Derek D’Antilio : Yes, Josh, this is Derek. So the results for the last couple of quarters, and particularly the mix between market and even in Q1 were really a result of what we’ve shipped — shipping out of backlog, making allocation decisions. Going into Q2, there’s still some of that. From a distribution channel standpoint, we’re at target levels right now. We’ve continued to rebuild that distribution channel over the last four quarters. As you know, that troughed about a year ago. We’ve continued, I think, to work with our distributors. We’re at target levels right now in our distribution channels. So within Q2, I’d expect sales to distribution to be down marginally and sales to OEMs to be up slightly.
Joshua Buchalter : Okay. Got it. And then I also wanted to ask about China from your prepared remarks. You mentioned it declined 7% in the quarter. Was that commentary mainly focused on autos? Or was it more broadly across your other segments? And do you expect China to grow into the back half of the year as some of the auto numbers have picked up in recent months?
Vineet Nargolwala : Josh, this is Vineet. So I’ll take that one. I think before I jump into some China-specific remarks, the context here is that any time you go to a big technology or market transition, it’s never a straight line, right? It’s never linear. And the transition to an all-electric future is going to be no different. Now China does have some specific issues that it’s dealing with. But we believe that in the near term, there is going to be choppiness across all our end markets. Derek pointed out that auto production declined in China in the first half. We’re certainly seeing some impact of that. Industrial continues to be, from an inventory standpoint, still elevated. But make no mistake, China is a very important region for us.
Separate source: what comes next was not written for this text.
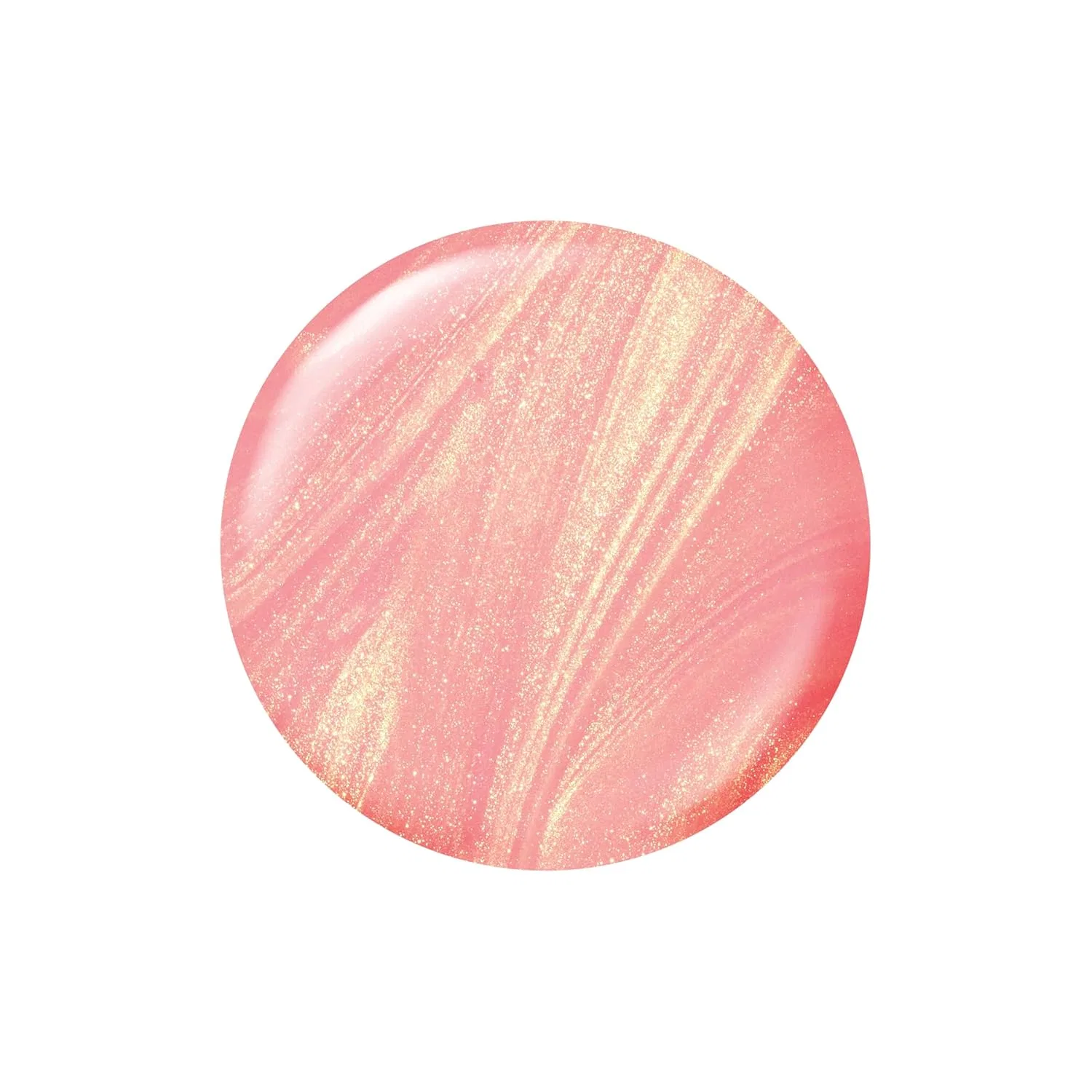 Быстросохнущий лак для ногтей «Insta Dri Pink Plush» от Sally Hansen Sally Hansen — фото 2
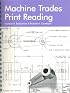 Machine Trades Print Reading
It’s very important for the entire automotive industry, is the lead of our volume when it comes to autos and EVs and local Chinese OEMs or Chinese brands are now playing a much bigger role and the global stage when it comes to EV. So we’re really confident and have a lot of conviction in our mid- to long-term thesis around China and the China OEMs. Near term, like we said, it’s going to be a choppy market. It’s a little bit like solving from multivariable calculus, right? There’s a lot of variables at play. And as Derek pointed out, it’s a little hard to pinpoint the quarter-to-quarter transition exactly, but we feel really good about the mid- to long-term perspectives in China.
Operator: [Operator Instructions] And it comes from the line of Chris Caso with Wolfe Research.
Christopher Caso : I guess the first question would be around lead times. And I think your comments said that they were down about 30% in the first quarter. Can you talk about where that stands against where lead times would normally be? And is it increasing supply still likely to bring those lead times down further as we go through the year and what impact they may have on your order rates?
Vineet Nargolwala : Yes, Chris, this is Vineet. I’ll take that one. So our lead times, as I said, we’ve — our teams have done a great job of reducing our delinquent backlog and bringing the lead times back into what we would consider a market competitive or industry standard. Having said that, we do have plans to further reduce our lead times, especially targeted around our distribution channel, some of our Industrial customers, where point-of-sale really matters. And so you can expect us to continue to bring down our lead times. I think from an inventory level, Derek can add some more, but we feel really good about where we are with our inventory levels now. And the nature of that inventory being in sort of die bank, I think, gives us a lot of optionality.